# Shiny things: Product Photography Question?



## weepete (Jul 13, 2014)

Hi all,

Its been a while since I've been on here as I've not been taking many photos recently. But I have stopped smoking and got into vaping (red e-cigarettes to those who don't know) as a hopefully healthier alternative. I've went from 20 a day down to 0 tobacco cigarettes in a month. Anyway, another forum I'm on we like to post some shots of our setups that usually involve some shiny brass, stainless steel, copper or combinations of these shiny materials. 

I'm finding myself a bit lost about how to set these up to get good lighting and not cause a reflection of myself in my pics of mine so I'd like to ask how best to set up to get some good shots of very shiny reflective material?

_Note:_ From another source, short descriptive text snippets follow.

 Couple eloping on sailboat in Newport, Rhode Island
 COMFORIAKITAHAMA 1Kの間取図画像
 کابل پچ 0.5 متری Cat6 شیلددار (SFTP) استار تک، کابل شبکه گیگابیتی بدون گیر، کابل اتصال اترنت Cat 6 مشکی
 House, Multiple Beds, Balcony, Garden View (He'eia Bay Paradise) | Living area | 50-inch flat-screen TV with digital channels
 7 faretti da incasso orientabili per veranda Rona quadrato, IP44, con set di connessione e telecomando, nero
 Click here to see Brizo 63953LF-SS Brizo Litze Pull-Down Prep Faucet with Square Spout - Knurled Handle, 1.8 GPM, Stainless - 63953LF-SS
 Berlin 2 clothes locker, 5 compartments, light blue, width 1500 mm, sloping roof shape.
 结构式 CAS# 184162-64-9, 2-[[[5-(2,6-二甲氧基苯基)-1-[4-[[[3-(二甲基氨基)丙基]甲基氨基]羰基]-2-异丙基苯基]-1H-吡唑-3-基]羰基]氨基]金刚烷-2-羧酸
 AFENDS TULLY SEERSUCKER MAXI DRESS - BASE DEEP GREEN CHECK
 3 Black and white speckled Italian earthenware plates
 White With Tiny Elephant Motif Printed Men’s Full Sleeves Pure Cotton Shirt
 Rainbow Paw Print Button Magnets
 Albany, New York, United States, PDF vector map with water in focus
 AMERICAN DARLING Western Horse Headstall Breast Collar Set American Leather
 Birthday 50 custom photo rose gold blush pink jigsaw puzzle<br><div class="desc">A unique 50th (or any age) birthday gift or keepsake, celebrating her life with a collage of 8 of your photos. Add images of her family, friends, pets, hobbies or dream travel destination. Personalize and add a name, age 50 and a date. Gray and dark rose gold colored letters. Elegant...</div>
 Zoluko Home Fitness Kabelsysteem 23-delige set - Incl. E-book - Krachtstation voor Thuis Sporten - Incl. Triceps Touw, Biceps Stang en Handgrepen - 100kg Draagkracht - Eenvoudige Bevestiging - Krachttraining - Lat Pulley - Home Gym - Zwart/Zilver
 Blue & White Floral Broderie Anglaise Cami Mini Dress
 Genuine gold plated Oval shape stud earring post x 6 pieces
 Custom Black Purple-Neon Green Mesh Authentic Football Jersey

For those who need a better example think of a mod as a tubular piece of metal, that's basically what I'm trying to take some shots of.

I have:

Canon 7D
OCF bracket plus leads
2 Yonguno wireless flash triggers
YN420 ii (manual flash)
Access to a Canon EX580 ETTL Flash (I can borrow one for secondary lighting)
Macro extension tubes
18-55mm Canon kit lens
Canon 50mm nifty fifty
Canon 105 f3.5-5.6
Canon 70-300 f4-5.6
Velbon Sherpa Tripod
Joby Gorrillapod
Various ND Filters
An desire to learn and a willingness to mock up some ghetto gear


----------



## 480sparky (Jul 13, 2014)

Light, Science and Magic.


----------



## KmH (Jul 13, 2014)

Yep. Study 'family of angles' in the book Ken recommended.


----------



## weepete (Jul 14, 2014)

Thanks chaps, I'll have a wee gander.


----------